Es fundamental comprender que la narcocultura no es una causa del narcotráfico o de la violencia, sino una consecuencia. Surge como resultado de contextos estructurales de exclusión, pobreza, desigualdad y abandono institucional. Para muchas personas jóvenes, especialmente en zonas rurales o periféricas, el mundo del narcotráfico no sólo representa una vía de escape económico, sino también un horizonte simbólico en el que pueden imaginar una forma de vida con participación, reconocimiento y pertenencia.

El florecimiento de la narcocultura en México tiene dos causas directas y principales. La primera es la neoliberalización de las políticas culturales a partir de la década de 1990, cuando el Estado mexicano comenzó a reducir su participación en la producción, fomento y distribución de bienes culturales. Se debilitó el apoyo a proyectos comunitarios, a la formación artística y a los medios públicos y se privilegió un modelo de mercado en el que los productos culturales son consumidos como mercancías rápidas, sin una dimensión ética o educativa. En este contexto, las narrativas del narco encontraron espacio en grandes medios comerciales, sin contrapesos ni alternativas sólidas.

La segunda causa fue el inicio de la llamada guerra contra el narcotráfico durante el sexenio de Felipe Calderón, de 2006 a 2012. Esta estrategia militarizada, lejos de reducir la violencia, provocó una intensificación de los conflictos entre cárteles, una mayor presencia del crimen organizado en la vida cotidiana y, lo más grave, una normalización de la violencia extrema.

Es en este doble vacío –el cultural y el de la seguridad– donde la narcocultura se ha expandido con fuerza.
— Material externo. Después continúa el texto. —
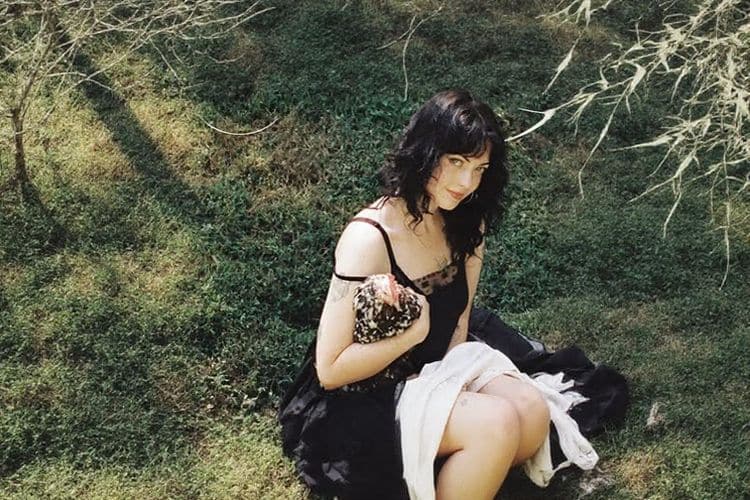 Violet, la hija de Dave Grohl, anuncia disco y primeros conciertos de gira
No se trata de un simple producto mediático, ni de una moda, ni de una glorificación sin consecuencias. Es un reflejo de un Estado que ha dejado de cumplir su función de garante del acceso equitativo a la cultura y que ha permitido que otras lógicas ocupen ese espacio.

Por ello, es urgente que el Estado retome su papel rector en la oferta de bienes y servicios culturales, promoviendo una política que no se limite a la rentabilidad ni al espectáculo, sino que impulse la creación, distribución y acceso a expresiones culturales plurales, críticas y comunitarias. Sólo así será posible disputar los imaginarios sociales que hoy monopoliza la narcocultura y construir alternativas simbólicas y reales que respondan a las necesidades y aspiraciones de una sociedad profundamente desigual.